In the listing below, locate the line with "Foto del edificio - 7907 Rosebriar Ln" and the line with "16331 S 24th Street Brady Township MI 49097", then output both and everything between them exactly, minus any pictures.

▸ **SUPPLIED DATA**:
-------------------------

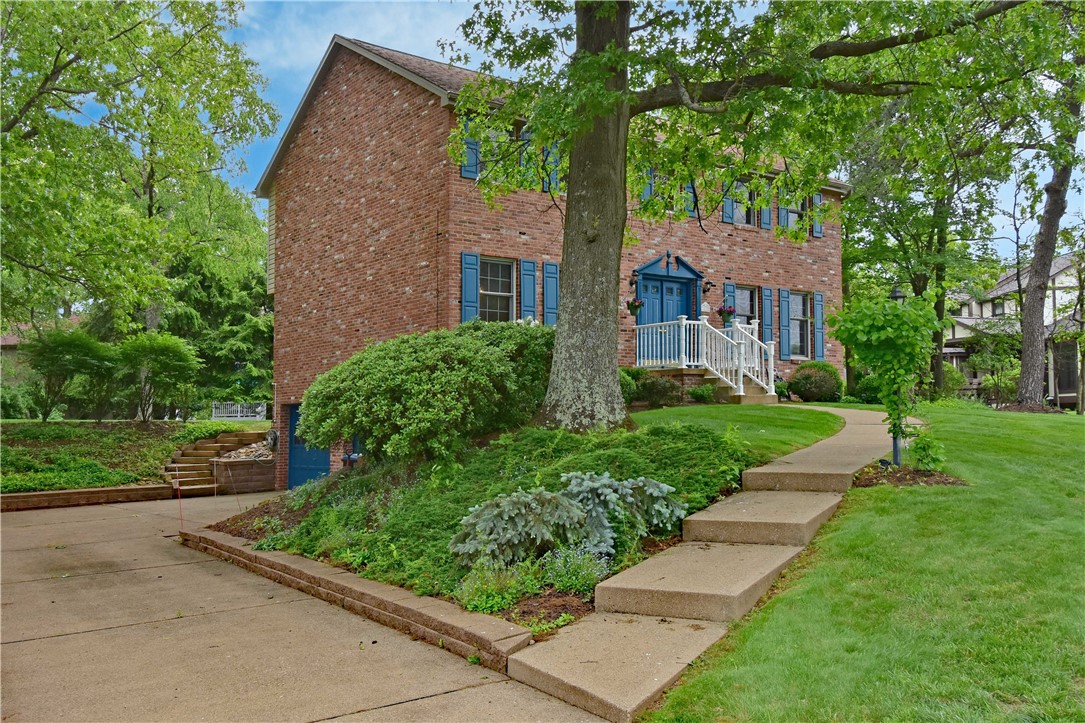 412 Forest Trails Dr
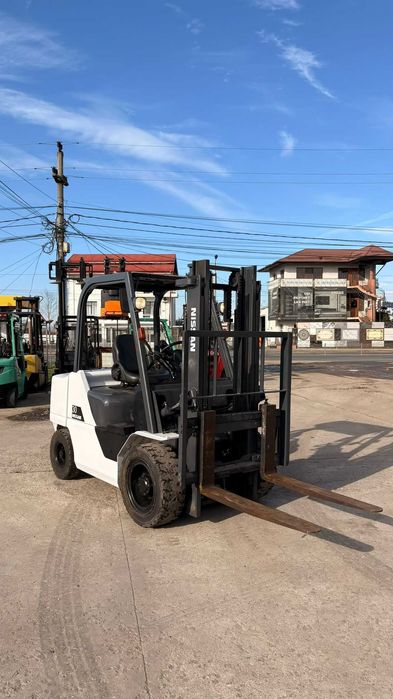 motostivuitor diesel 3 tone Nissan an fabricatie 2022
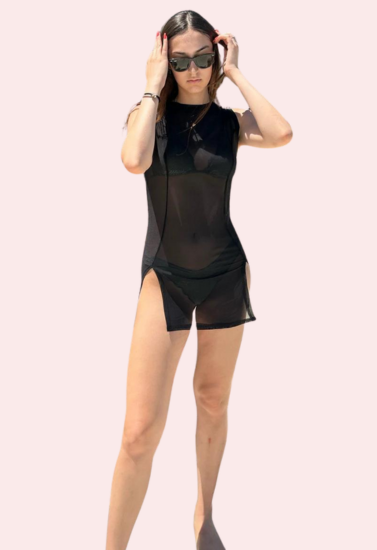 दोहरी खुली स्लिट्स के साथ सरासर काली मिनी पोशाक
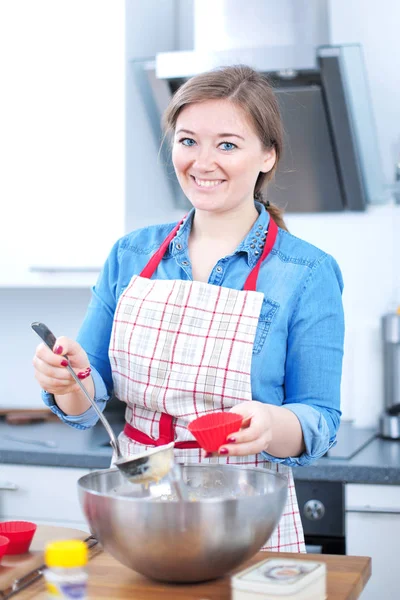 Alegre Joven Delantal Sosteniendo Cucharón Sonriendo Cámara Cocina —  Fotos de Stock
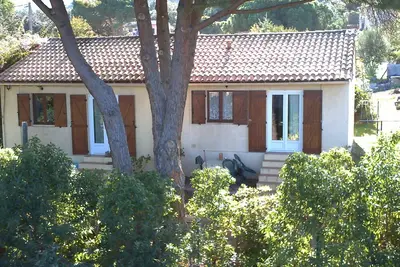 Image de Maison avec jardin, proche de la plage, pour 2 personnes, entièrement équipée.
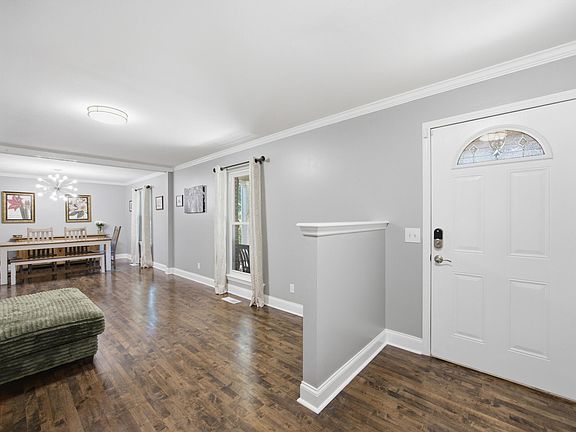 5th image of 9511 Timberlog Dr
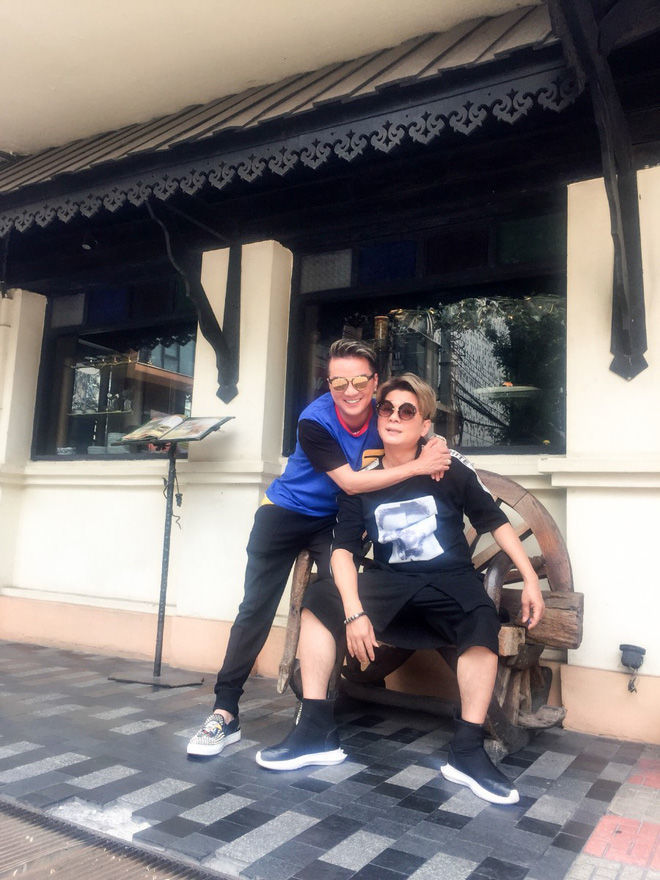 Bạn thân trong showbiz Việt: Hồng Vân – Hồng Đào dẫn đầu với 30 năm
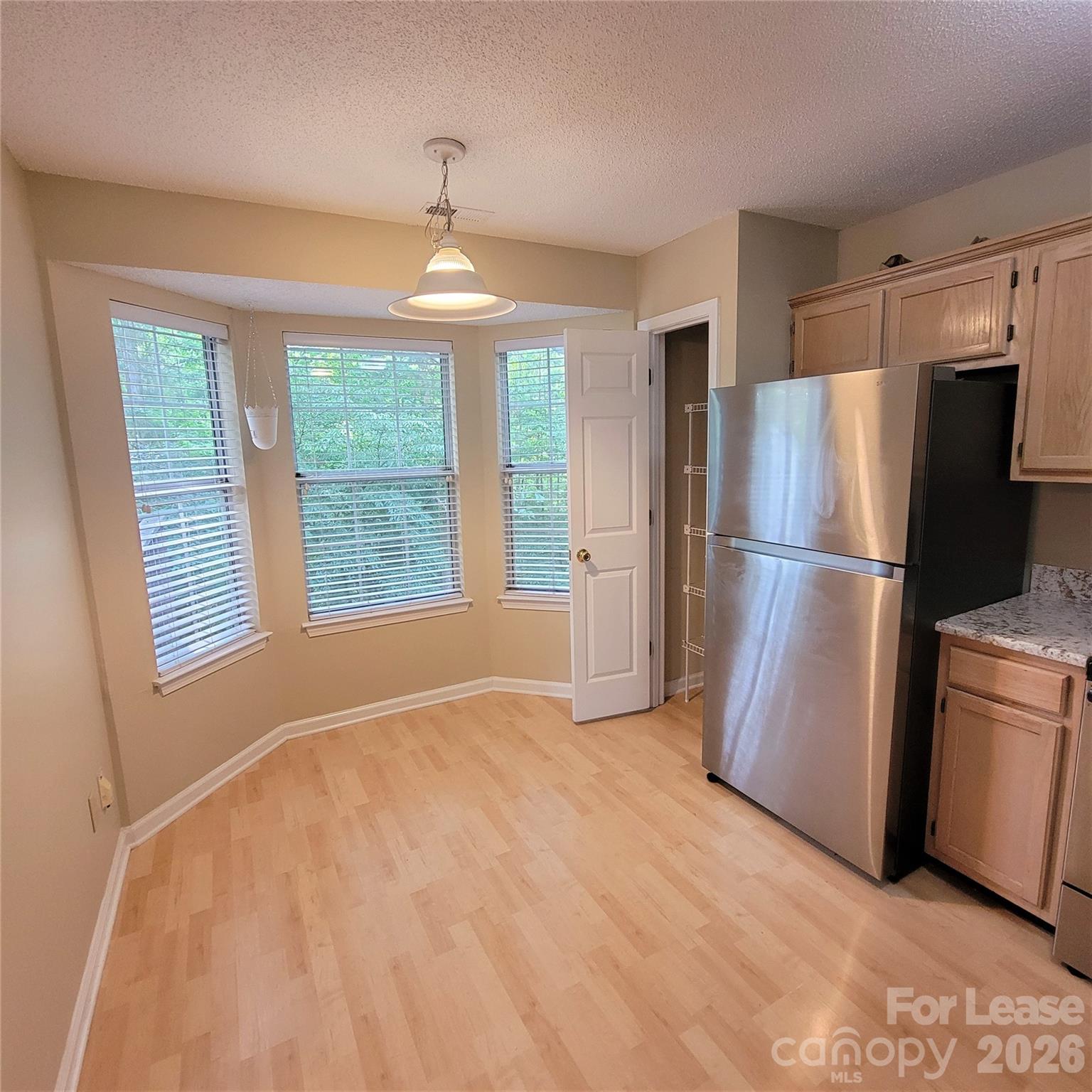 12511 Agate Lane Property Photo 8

-------------------------

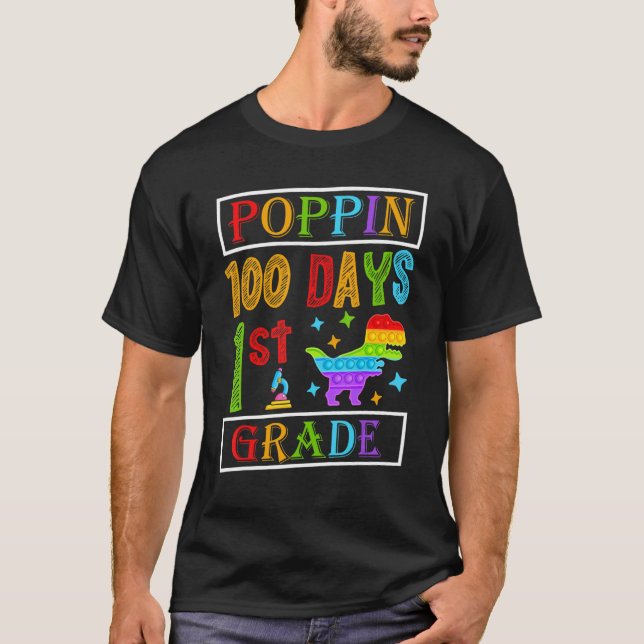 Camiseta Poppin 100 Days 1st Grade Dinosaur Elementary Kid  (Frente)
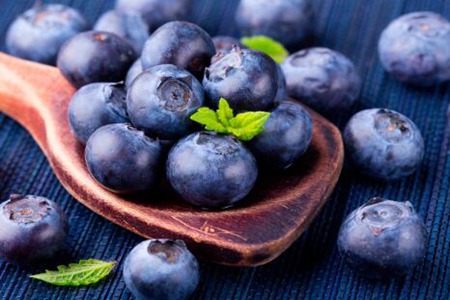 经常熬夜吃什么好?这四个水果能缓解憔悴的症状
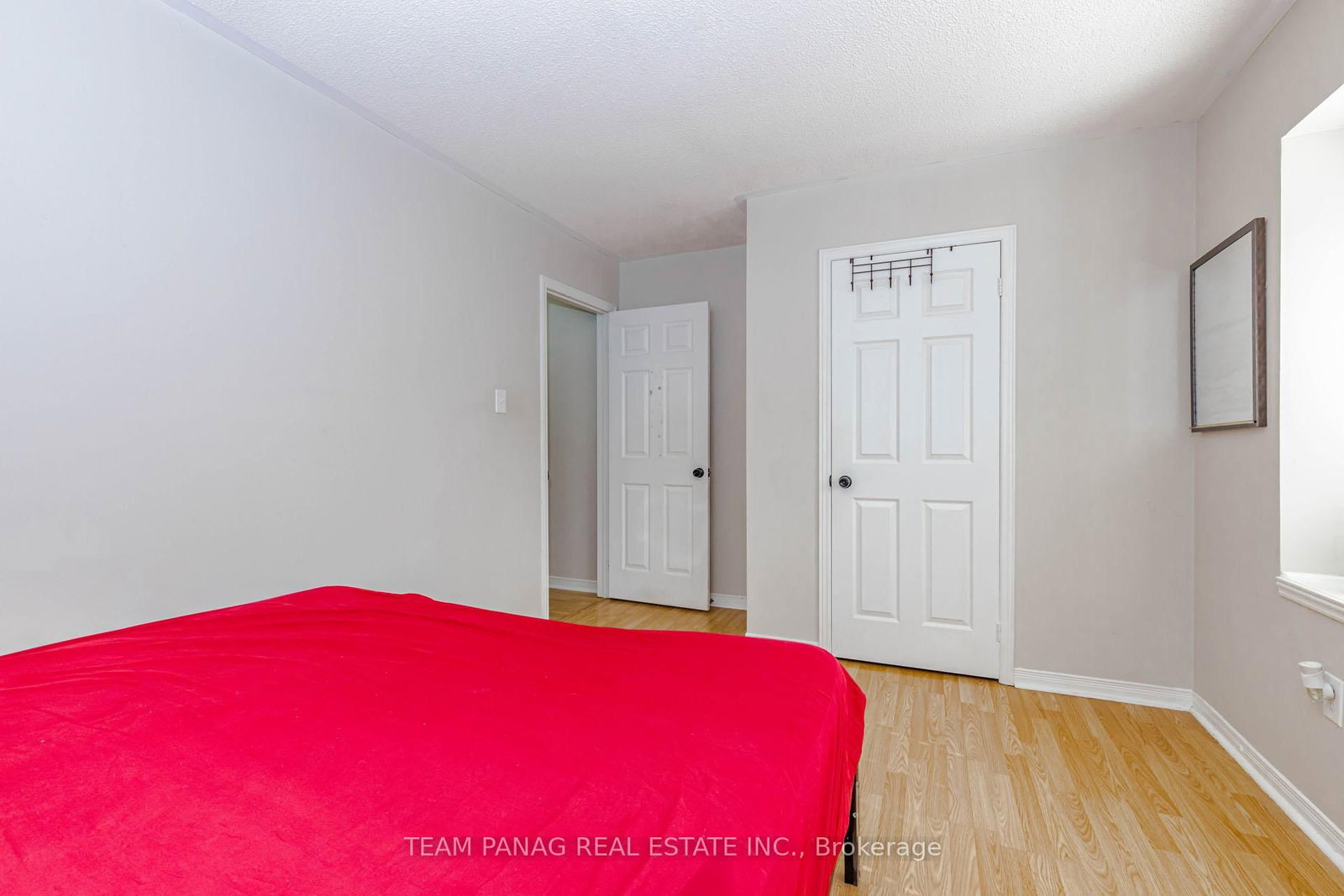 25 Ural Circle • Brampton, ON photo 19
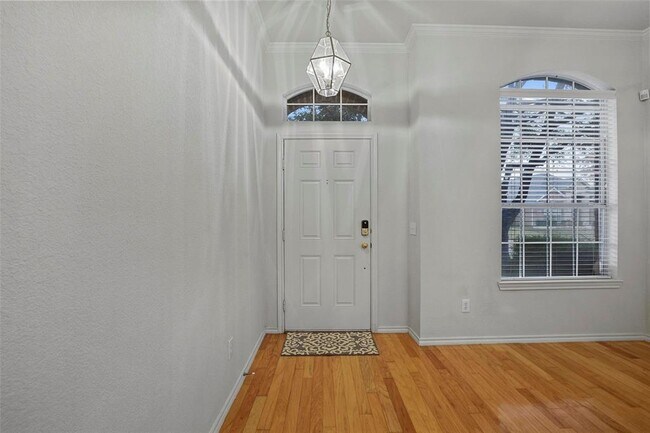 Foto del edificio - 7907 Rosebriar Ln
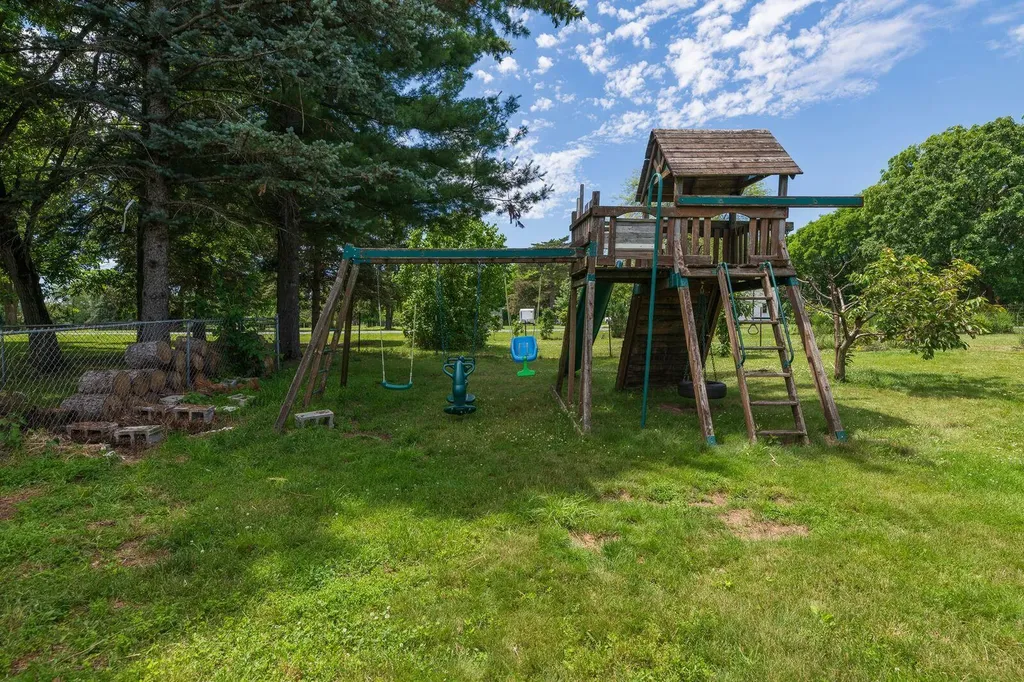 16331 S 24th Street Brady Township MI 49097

-------------------------

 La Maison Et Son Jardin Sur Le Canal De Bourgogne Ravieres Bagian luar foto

-------------------------

▸ **WORKED SOLUTION**:
 Foto del edificio - 7907 Rosebriar Ln
 16331 S 24th Street Brady Township MI 49097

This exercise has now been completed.